Foreign Investment Law
In another labor-related development, the Cuban National Assembly approved a new Foreign Investment Law in March 2014. Some observers had hoped that the law would change existing rules under which foreign owned businesses or joint ventures hire workers through a Cuban state employment agency, but the hiring system was left relatively intact. Under the current arrangement, the employer pays a per employee cost to the agency, and the agency hires and places the Cuban workers. Many foreign employers would prefer direct hiring and payment. This is less an issue about employee selection or quality than about managers’ preferences for a direct employer-employee relationship.
There are serious flaws in the current system from both the workers’ and employers’ perspectives. If movement toward direct hiring does take place, it will require a broader re-examination of the labor and regulatory framework in the foreign investment sector. It is already the case that workers in the foreign investment sector are relatively privileged: they have more access to tips and bonuses than do other workers, and they are more likely to earn income in hard currency. Movement toward direct hiring would exacerbate those differences, and it might spar
k a broader debate about income inequality in Cuba.

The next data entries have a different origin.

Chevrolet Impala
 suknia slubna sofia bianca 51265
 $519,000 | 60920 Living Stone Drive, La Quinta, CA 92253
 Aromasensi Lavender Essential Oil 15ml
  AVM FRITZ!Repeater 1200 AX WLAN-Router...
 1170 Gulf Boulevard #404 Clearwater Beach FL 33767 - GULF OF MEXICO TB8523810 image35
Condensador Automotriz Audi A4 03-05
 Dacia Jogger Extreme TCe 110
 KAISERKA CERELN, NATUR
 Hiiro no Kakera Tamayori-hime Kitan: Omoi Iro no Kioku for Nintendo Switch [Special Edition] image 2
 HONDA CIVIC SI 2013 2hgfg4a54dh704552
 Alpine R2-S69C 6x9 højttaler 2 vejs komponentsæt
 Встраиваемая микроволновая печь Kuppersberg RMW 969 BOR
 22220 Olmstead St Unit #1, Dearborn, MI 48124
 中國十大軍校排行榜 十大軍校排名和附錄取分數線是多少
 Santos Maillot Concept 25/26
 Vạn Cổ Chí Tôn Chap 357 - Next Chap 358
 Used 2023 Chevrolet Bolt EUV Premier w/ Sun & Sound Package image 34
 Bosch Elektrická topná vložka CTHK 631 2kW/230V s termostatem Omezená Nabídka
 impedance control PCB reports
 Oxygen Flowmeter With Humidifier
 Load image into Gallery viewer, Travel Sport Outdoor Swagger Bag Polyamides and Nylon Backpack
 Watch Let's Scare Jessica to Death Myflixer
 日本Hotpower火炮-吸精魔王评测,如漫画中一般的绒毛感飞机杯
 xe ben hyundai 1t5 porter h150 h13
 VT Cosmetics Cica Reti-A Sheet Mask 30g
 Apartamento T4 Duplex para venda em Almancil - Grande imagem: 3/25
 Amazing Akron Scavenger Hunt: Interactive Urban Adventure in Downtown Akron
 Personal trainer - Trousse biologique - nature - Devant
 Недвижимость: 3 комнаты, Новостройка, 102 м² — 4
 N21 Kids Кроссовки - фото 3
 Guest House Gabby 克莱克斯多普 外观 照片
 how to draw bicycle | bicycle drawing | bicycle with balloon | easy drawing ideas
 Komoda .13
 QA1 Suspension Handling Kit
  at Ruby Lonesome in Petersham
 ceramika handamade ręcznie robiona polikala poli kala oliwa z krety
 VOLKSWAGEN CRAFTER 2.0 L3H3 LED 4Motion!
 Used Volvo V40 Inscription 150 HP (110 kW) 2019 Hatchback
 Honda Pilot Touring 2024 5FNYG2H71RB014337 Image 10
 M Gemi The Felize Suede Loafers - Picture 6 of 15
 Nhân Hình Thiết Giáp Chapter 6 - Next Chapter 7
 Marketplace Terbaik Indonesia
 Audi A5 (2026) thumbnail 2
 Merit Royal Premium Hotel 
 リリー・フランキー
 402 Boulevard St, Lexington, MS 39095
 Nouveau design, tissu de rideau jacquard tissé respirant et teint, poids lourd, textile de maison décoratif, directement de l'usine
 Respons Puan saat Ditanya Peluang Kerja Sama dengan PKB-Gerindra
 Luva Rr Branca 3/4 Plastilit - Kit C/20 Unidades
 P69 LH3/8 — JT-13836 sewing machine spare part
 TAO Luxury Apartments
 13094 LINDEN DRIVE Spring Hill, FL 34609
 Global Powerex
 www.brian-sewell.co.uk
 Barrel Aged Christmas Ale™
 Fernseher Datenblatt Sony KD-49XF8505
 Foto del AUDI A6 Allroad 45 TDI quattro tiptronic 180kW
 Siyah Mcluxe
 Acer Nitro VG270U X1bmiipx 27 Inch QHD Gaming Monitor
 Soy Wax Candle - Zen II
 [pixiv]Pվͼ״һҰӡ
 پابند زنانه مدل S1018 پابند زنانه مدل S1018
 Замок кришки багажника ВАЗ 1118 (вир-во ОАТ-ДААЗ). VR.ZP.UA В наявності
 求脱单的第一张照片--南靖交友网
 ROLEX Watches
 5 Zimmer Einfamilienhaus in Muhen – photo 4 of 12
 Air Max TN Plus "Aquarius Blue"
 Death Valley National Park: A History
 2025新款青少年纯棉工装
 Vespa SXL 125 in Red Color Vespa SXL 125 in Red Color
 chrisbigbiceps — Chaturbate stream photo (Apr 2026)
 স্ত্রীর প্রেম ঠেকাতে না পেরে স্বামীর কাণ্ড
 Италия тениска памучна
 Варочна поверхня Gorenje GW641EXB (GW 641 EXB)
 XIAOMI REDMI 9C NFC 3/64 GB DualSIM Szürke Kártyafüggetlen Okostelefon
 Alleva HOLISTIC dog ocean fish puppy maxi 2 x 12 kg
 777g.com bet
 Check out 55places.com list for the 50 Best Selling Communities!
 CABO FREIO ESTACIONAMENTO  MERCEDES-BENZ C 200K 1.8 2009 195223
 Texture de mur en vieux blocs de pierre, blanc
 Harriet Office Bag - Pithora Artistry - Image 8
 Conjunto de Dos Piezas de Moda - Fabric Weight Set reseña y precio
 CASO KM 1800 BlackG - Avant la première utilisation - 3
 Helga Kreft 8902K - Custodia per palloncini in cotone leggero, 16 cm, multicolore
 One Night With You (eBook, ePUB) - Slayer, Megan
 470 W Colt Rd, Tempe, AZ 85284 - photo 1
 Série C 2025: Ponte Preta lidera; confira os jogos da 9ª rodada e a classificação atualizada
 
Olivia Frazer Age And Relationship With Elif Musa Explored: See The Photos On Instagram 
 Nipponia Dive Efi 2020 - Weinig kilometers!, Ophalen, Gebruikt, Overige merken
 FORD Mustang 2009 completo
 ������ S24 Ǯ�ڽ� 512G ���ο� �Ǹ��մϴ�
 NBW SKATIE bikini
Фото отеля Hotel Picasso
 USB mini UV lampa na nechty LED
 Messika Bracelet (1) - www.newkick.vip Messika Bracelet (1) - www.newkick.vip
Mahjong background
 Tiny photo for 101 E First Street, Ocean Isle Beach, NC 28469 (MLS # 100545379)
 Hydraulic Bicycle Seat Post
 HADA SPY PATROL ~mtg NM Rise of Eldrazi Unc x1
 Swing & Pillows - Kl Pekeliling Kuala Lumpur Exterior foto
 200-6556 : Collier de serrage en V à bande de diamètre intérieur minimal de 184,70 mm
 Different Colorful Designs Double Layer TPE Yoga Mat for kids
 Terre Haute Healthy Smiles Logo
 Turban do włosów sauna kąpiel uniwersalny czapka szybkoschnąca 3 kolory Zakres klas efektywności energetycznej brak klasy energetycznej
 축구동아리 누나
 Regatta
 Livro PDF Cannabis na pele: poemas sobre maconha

In a signal that the issue remains, Cuba has also announced new regulations governing investment in the new port of Mariel. In the Mariel special investment zone, while foreign employers will still go through a state hiring agency, the agency will retain a smaller percent of workers’ wages—20 percent—meaning that workers will be able to earn more while costing companies less. In addition, employers will be able negotiate salaries with the agency without having to adhere to a fixed scale, and they will also be free to contract self-employed Cubans through the agency. Whether this arrangement is enough of an improvement to satisfy foreign investors remains to be seen. It is clearly a much better arrangement for the workers hired in the Mariel Zone. It is also likely to contribute to the growing discussion about wage inequality, since workers in the zone will be able to earn significantly higher salaries than average Cuban workers
Changes in Cuba’s labor code, and changing employment conditions in Cuba, are emblematic of a broader debate that is taking place throughout Cuban society and among Cuba watchers: what does economic reform mean for the social protections and structures that Cubans have taken for granted for the past five decades? Although the Cuban government argues that the socialist foundation of the Cuban system is not up for debate, the reality is that the economic reform process is changing the relationship between Cubans and the state in very real ways. As Cuba modernizes its economy, preserving the social gains of the past 50 years—free, relatively high quality healthcare and education, workplace protections, family leave, and so on—while balancing the need for material incentives with the aspiration for relative social equality—will be a major challenge. It will also be key to the long-term success of the country and to advancing the quality of life of all Cubans.
Geoff Thale is WOLA’s Program Director.
[i] The Labor Code was first promulgated in 1984 and has been updated by a patchwork of regulations and directives. A comprehensive overhaul of the code was certainly needed, particularly in the circumstances created by layoffs and private sector openings.